В этом году было из чего выбирать — даже еще больше, чем обычно. Все что угодно: современные пантомимы, ретропантомимы, Зеленые пантомимы и даже (наверно, ничего странного, учитывая сексуальную двусмысленность жанра) лесбийская пантомима — «Снежная Королева: Рождественская сказка». Что касается кадровой политики, то жанр всегда рекрутировал личный состав из самых разных слоев исполнителей: вышедшие в тираж поп-звезды, телевизионные комики, юные дарования, лица среднего возраста, некогда прописанные по ведомству юных дарований, дошедшие до ручки и закаленные неудачами служители Мельпомены, которых раз в год на полтора месяца отрывают от пенсионных утех — пусть «повыбьют пыль из подмостков» и прокомпостируют мозги новому поколению юных дарований про романтику театральных белил, а еще сборная солянка из посторонних лиц, которые достаточно знамениты в своих областях, чтобы осуществить переход в театр, несмотря на вызывающий опасения дефицит сценического дарования. Эта последняя категория отражает природу современной славы и сама по себе является формой кросс-дрессинга: если вам аплодируют в одной сфере, то с распростертыми объятиями принимают и в другой, где у вас в силу самой природы вашего таланта нет профессиональных интересов. К примеру, в этом году в пантомиме засветились трое телевизионных дикторов — в Лондоне, Стивенэйдже и Торки.
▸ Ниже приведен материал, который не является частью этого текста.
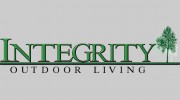 Integrity Outdoor Living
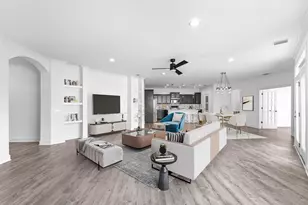 496 Garden Gate Ln, Lewis Center, OH 43035 - Photo 22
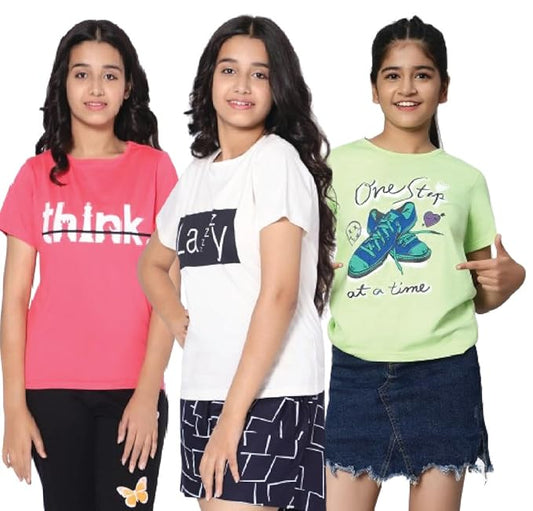 best online clothing for teens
Рассел Грант, сфероидальный астролог, сделавший себе имя выступлениями в передаче «С добрым утром!», клоунскими свитерами и неприкрытой голубизной, выступил в главной роли в «Робинзоне Крузо» в Кардиффе. Эдди Кидц, мотоциклист-трюкач, перемахнувший через кучу лондонских автобусов и по ходу дела переломавший себе чуть ли не столько же конечностей, явился не запылился в «Дике Уиттингтоне» в Дептфорде. Но подлинным новшеством были кулачные пантомимы. В Рединге можно было увидеть Барри МакГигана, экс-чемпиона мира в полулегком весе, дебютировавшего в театре в «Белоснежке» — тогда как саму Белоснежку, странным образом очень сноровисто — в пантомиме такое случается нечасто, играла Линда Лусарди, одна из самых любимых топлесс-моделей страны. В лондонском гвозде сезона, «Аладдине», также блистал боксер, бывший обладатель звания чемпиона Британии в тяжелом весе Фрэнк Бруно.